Bolschewismus, Faschismus - die totalitären Systeme des 20.Jahrhunderts haben viele Namen. Ihre Gemeinsamkeiten werden von Nabokov aufgezeigt: die geistige Gleichschaltung, die ideellen Menschenopfer. Ihnen entgegen stellt Nabokov sein Buch. Es ist das Produkt einer weisen, künstlerischen und damit positiven Diktatur, die sich selbst alle möglichen Freiheiten zugesteht: Sprachakrobatik in den verschiedensten fremden Zungen, feine Anspielungen, die sich oft erst durch das Vorwort oder die Anmerkungen erschließen, absichtliche Verwirrspiele mit dem Leser, das Einbinden von Themen, die scheinbar nichts mit dem Romanstoff an sich zu tun haben (Hamlet).

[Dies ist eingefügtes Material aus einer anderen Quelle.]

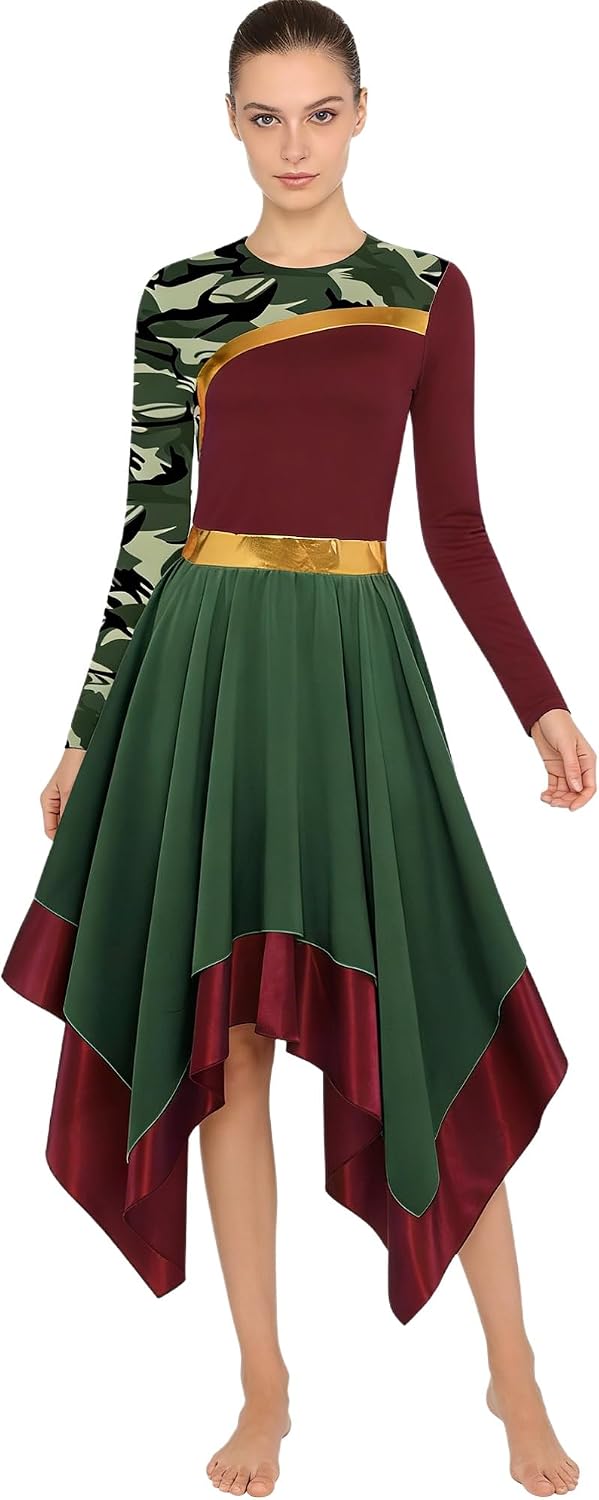 Women Liturgical Praise Dance Dresses Church Worship Dancewear Long Sleeve Color Block Dress for Holy Event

Nabokov hätte sein Buch im Jahre 1948 gern im US-amerikanischen Reedukationsprogramm für Deutschland eingesetzt gesehen, aber dafür ist es sicherlich nicht geradlinig genug gewesen. Wer die Masse erreichen will, muss ihre Sprache sprechen.
"Das Bastardzeichen" ist ein Denkmal für den unbeugbaren Widerstand, das wir auch und gerade in unserer Zeit als Mahnung nehmen sollten, denn die moderne allgewaltige Diktatur des Leistungsprinzips in sämtlichen Bereichen des Lebens fordert tagtäglich unsinnige Menschenopfer, kaum einer ist nicht zum opportunistischen, systemtragenden Gebückten geworden: Alle gegen alle und jeder gegen jeden, die Hoffnung auf einen persönlichen Vorteil gegenüber den Mitmenschen treibt uns an.